Survivors and relatives of those caught up in the bloody attack have long called for answers about what happened and whether the security forces' armed response led to unnecessary deaths among the hostages.
Kremlin spokesman Dmitry Peskov said the court's judgment against a country which had suffered a terror attack was "unacceptable" and overly emotional.
In its ruling, the court said the Russian authorities had not done enough to keep the school safe.
"The authorities had been in possession of sufficiently specific information of a planned terrorist attack in the area, linked to an educational institution. Nevertheless, not enough had been done to disrupt the terrorists meeting and preparing; insufficient steps had been taken to prevent them travelling on the day of the attack; security at the school had not been increased; and neither the school nor the public had been warned of the threat," a press release on the judgment said.
The court also identified "serious shortcomings" in the investigation into the attack by the Russian authorities.
There had been no proper examination of how the victims had died, it said. Russian authorities did not carry out a full forensic examination of the majority of victims and failed to properly record the location of most of the hostages' bodies.
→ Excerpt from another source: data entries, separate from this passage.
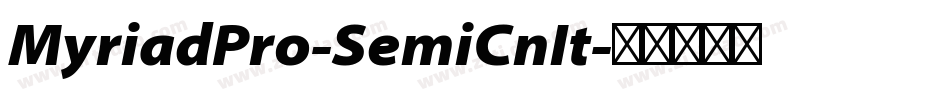 MyriadPro-SemiCnIt字体转换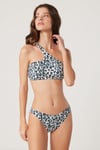 Kom Leona Telli-Kapsız İnce Altlı Straplez Bikini Siyah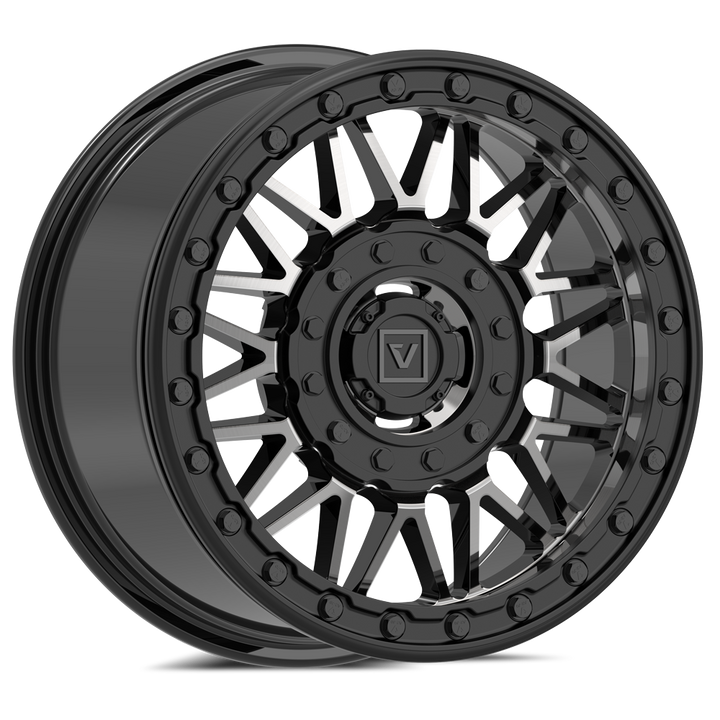 V08 BEADLOCK 15X7 +30MM 4X137/4X156 DARK TINT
In addition, other evidence at the scene was not properly secured and recorded, the court said, causing "irreparable harm to subsequent analysis of the event."
The court also criticized "serious shortcomings in the planning and control of the security operation" by Russian authorities responding to the hostage situation.
"In the absence of proper legal rules, powerful weapons such as tank cannon, grenade launchers and flame-throwers had been used on the school. This had contributed to the casualties among the hostages," it said.
A number of domestic investigations have been held in the years since the attack on Beslan's Middle School Number One and, in 2006, the only surviving hostage-taker was sentenced to life in prison.
But the court ruled that the Russian authorities had breached the applicants' rights, because "the investigation had not been 'effective', as it had not been capable of leading to a determination of whether the force used by the State had been justified in the circumstances. It also noted that the public scrutiny aspect of the investigation had been breached by the victims' restricted access to it."
The court ordered Russia to pay the 409 applicants a total of 2.9 million euros (almost $3.1 million) in compensation.
The ECHR is not a European Union body. It was established in 1959 to rule on violations set out in the European Convention on Human Rights, of which Russia is a signatory. However in late 2015 the Russian parliament passed a law allowing it to overrule judgments for the court and allowing the Russian constitution to take precedence.
Asked if the Russian government would abide by the court's decision, Peskov said: "All the necessary legal actions about this decision will take place."